Ulcerative colitis meant Samantha Leckie needed surgery to create a stoma. Here, she shares how this journey helped her to embrace her future.

A combined pic of Samantha Leckie in hospital and wearing her stoma bag.
Samantha Leckie underwent proctectomy surgery last year and has learned to love her new body. Image: Supplied by Samantha Leckie

I call myself a real-life Barbie.

Not because I have blonde hair or the iconic doll’s unrealistic proportions, but because, just like her, I don’t have a functioning bum.

Barbie butt surgery — as it has been called by those who’ve undergone it — is a term for the slightly scarier sounding proctectomy surgery, the partial or total removal of a person’s rectum, which leaves one with nothing but a scar between their cheeks.

Like I said, no functioning bum — just like Barbie.

Samantha Leckie and her fiance Allan Ogston pose in front of a field and sea
Samantha Leckie and her fiance Allan Ogston. Image: Supplied by Samantha Leckie

I know the question you’ll be asking: how do I poo if I don’t have a ‘normal’ bum? The answer is that there’s another secret hidden beneath my clothes.

I have a stoma, which means a part of my small intestine pokes out of my stomach and a little bag collects all my poo, taking my bum completely out of the equation.

Yes, it feels a little strange at times to talk so candidly about my poo situation, but we all do it – I just do it a bit differently.

How my ulcerative colitis made me bloated and bloody

There was a time when I had no idea what a stoma was or that you could even have your rectum removed. That was back in 2020, before I was diagnosed with ulcerative colitis, a form of inflammatory bowel disease (IBD).

I’d just met the love of my life at the start of the year, and things were going great. I lived with my adorable three-year-old son, and at work I felt like I was growing and learning. But as we all entered the pandemic, I was entering an altogether different unfamiliar world. I just didn’t know it at first.

In March, a regularly bloated belly turned into severe stomach cramps, and those cramps became bloody diarrhoea. Literally bloody.

By June 2020, the odd day of symptoms had become a daily occurrence. I was often left writhing in pain while sitting on the toilet; my insides felt like they were turning over. Some days I was lucky if I even made it to the toilet.

Samantha takes a mirror selfie of her stoma bag while in a hospital toilet
Samantha and the stoma bag she was fitted with. Image: Supplied by Samantha Leckie

I didn’t ignore my symptoms. But we all know how hard it was to be seen by a doctor, let alone a hospital, during the pandemic.

In July, I was finally admitted to Aberdeen Royal Infirmary. One day later I was diagnosed with ulcerative colitis. Nine days after that I underwent life-saving surgery to remove my large intestine — all but my rectum — and my stoma was created.

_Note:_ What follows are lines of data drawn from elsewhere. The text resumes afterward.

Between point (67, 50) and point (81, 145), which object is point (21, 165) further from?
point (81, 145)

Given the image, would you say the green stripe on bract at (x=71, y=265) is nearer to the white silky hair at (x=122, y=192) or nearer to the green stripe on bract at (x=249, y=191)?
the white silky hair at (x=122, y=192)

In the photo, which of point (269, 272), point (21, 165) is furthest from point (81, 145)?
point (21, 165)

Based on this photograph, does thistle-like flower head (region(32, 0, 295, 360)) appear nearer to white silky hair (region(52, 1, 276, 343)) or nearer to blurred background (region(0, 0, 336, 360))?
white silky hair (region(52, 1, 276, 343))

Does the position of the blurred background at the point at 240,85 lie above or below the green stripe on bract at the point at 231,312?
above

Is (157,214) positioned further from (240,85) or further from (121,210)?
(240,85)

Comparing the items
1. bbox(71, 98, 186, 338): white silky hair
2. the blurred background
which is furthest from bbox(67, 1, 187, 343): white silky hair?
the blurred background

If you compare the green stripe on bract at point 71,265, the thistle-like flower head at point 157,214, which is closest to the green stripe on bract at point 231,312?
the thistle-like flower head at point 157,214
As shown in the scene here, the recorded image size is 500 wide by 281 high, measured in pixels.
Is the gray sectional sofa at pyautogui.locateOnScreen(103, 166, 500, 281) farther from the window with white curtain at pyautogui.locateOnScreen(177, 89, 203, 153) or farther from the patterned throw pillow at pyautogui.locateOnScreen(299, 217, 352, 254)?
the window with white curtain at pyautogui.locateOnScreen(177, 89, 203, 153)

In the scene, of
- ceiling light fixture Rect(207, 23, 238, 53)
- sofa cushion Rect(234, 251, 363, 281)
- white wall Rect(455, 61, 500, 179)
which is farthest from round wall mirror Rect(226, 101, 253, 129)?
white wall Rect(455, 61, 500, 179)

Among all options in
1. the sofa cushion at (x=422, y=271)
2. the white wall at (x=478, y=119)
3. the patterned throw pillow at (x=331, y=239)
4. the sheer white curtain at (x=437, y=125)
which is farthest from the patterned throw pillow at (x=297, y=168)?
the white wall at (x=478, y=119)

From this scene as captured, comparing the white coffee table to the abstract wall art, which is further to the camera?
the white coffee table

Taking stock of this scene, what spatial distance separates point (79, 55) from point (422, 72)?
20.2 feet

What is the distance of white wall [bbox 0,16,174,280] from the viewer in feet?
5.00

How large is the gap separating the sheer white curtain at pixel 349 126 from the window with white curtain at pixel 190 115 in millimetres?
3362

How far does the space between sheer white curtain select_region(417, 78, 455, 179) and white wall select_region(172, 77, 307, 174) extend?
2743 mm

The whole experience happened quickly. It was terrifying but necessary to prevent my large intestine from perforating.

Dying wasn’t an option; I had too much to live for and I knew it.

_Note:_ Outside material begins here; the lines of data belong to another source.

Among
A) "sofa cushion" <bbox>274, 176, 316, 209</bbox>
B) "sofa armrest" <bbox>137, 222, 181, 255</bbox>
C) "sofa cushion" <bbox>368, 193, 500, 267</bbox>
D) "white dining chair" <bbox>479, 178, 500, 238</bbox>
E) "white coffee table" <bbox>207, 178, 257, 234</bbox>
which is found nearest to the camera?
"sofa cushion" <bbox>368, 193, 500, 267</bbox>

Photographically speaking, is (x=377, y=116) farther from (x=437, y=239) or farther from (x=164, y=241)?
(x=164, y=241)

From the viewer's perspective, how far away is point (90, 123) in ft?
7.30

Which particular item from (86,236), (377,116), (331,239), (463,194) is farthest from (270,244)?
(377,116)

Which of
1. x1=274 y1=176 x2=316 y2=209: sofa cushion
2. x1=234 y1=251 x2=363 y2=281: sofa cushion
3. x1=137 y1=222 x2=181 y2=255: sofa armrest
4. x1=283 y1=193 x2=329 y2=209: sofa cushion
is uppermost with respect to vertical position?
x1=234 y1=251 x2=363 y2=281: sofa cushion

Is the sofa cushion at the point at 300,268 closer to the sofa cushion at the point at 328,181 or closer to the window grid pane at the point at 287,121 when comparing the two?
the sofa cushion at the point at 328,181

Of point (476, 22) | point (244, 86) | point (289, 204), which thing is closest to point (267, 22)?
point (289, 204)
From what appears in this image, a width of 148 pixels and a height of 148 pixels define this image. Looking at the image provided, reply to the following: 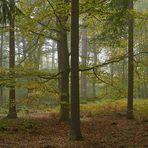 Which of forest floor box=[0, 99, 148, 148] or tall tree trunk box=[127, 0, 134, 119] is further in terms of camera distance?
tall tree trunk box=[127, 0, 134, 119]

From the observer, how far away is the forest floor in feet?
38.3

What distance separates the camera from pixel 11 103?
1561cm

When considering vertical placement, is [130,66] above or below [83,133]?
above

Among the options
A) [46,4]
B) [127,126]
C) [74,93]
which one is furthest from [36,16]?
[127,126]

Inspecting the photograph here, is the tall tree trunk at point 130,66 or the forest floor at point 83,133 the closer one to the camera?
the forest floor at point 83,133

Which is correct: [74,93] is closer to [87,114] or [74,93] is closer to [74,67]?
[74,67]

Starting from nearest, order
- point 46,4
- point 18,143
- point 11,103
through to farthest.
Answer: point 18,143 < point 11,103 < point 46,4

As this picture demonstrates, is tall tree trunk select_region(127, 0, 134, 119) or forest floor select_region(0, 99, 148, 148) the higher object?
tall tree trunk select_region(127, 0, 134, 119)

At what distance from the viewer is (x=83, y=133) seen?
1412cm

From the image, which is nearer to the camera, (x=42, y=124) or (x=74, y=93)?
(x=74, y=93)

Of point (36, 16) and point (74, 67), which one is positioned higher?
point (36, 16)

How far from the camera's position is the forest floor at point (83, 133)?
460 inches

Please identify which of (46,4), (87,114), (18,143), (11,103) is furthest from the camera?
(87,114)

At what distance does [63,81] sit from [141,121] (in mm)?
4323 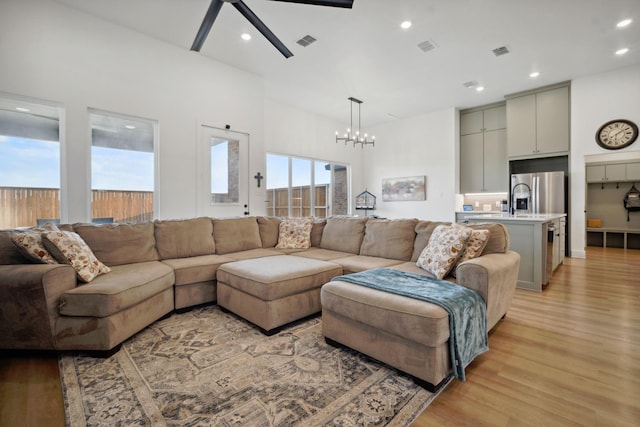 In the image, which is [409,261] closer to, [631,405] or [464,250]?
[464,250]

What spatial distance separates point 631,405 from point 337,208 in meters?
6.44

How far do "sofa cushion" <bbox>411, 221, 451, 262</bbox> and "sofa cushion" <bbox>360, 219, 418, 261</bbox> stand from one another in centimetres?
5

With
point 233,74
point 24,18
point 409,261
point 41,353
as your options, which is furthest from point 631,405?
point 24,18

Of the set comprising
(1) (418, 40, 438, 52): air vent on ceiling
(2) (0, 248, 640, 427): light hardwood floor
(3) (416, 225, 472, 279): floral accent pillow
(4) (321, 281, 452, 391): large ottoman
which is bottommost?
(2) (0, 248, 640, 427): light hardwood floor

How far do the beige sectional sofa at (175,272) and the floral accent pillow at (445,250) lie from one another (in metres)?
0.14

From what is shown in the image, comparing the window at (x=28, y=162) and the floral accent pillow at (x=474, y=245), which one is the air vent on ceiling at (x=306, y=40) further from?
the floral accent pillow at (x=474, y=245)

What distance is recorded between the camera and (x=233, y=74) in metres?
4.68

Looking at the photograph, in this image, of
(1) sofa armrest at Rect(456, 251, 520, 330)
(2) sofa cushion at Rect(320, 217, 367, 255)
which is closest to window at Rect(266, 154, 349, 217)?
(2) sofa cushion at Rect(320, 217, 367, 255)

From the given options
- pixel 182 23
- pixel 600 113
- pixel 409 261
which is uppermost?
pixel 182 23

“Do what you have to do to get me home to my son,” I said to my doctors.

Learning to live with my new ‘plumbing’

I want to make it known now that this is not my story of woe.

It’s a story of endurance, positivity and loving yourself. Waking up to my stoma also awakened a kind of love in myself that I didn’t know I was capable of feeling.

My stoma took away the pain and embarrassment and gave me back some dignity and quality of life.

Samantha dressed in a tight-fitting black dress for a gala event in November 2022
Samantha dresses up for a gala event in November 2022. Image: Supplied by Samantha Leckie

Don’t get me wrong; I had some very teary days in the beginning, but those tears soon dried when I realised I could still live my life normally. My plumbing was different, but I could still be a mother and do the things I wanted to do.

My mum always says when life knocks you down you just have to keep on fighting. I listened to her words, dug deep for inner strength and got back on my feet.

Faced with a difficult choice

After my stoma surgery, life went on and a new life was created too. Seven months post-op, I became pregnant with my daughter. The world kept turning and I kept pushing forward.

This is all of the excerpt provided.